Functional annotation of the differentially expressed metabolites was carried out using the metabolome set enrichment analysis (MSEA). The findings indicated that 30 canonical pathways were significantly affected by the AIMD condition (Table 1). The major biological functions of these pathways were amino acid metabolism (50%) and carbohydrate metabolism (27%). Others included metabolism of cofactors and vitamins (7%), lipids (7%), nucleotides (7%), and translation of genetic information (3%).

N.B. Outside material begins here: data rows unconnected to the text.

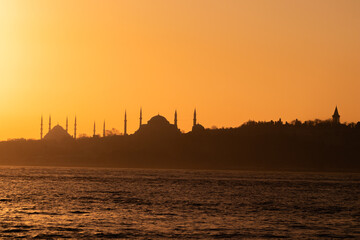 Naklejka premium View of Istanbul's historical peninsula at sunset. View of the Sultanahmet Mosque located on the historical peninsula in silhouette.
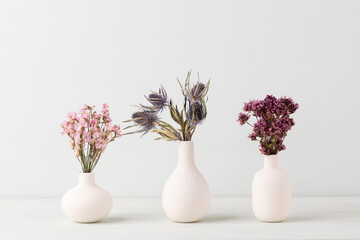 Flower in vase on pastel wall background.
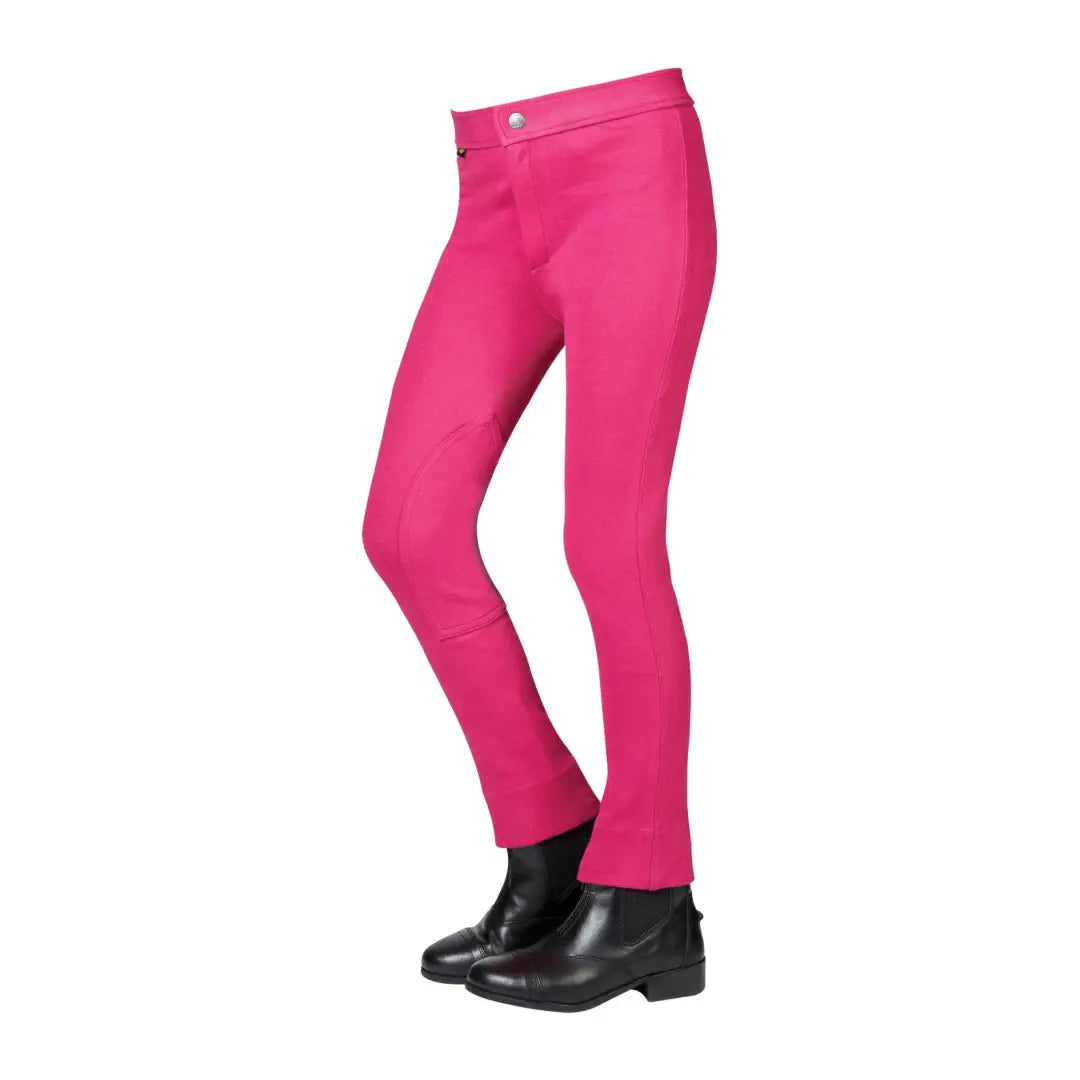 Bright pink Saxon Childs Warm Up Jodhpurs II with stylish black riding boots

The most impacted pathways included the metabolism of phenylalanine, tyrosine, and tryptophan, which are sources for the production of the major neurotransmitters catecholamine and serotonin. In fact, the neurotransmitters catecholamine, dopamine, noradrenaline, and adrenaline were either not detected or not significantly changed in terms of abundance, even though the upstream levels of phenylalanine, tyrosine, and L-dopa were significantly increased in the AIMD condition (Fig. 1d). Moreover, serotonin was depleted completely, although its source, tryptophan, was increased in this group (Fig. 1e). Importantly, vitamin B6 compounds (pyridoxal, pyridoxamine, pyridoxin, and pyridoxamine phosphate) were completely depleted or significantly decreased in the AIMD group (Fig. 1f). Vitamin B6 is a co-factor required for aromatic L-amino acid decarboxylase (AADC) activity, which catalyzes dopamine and serotonin synthesis. In addition, the levels of taurine were significantly decreased in the AIMD group (Fig. 1g).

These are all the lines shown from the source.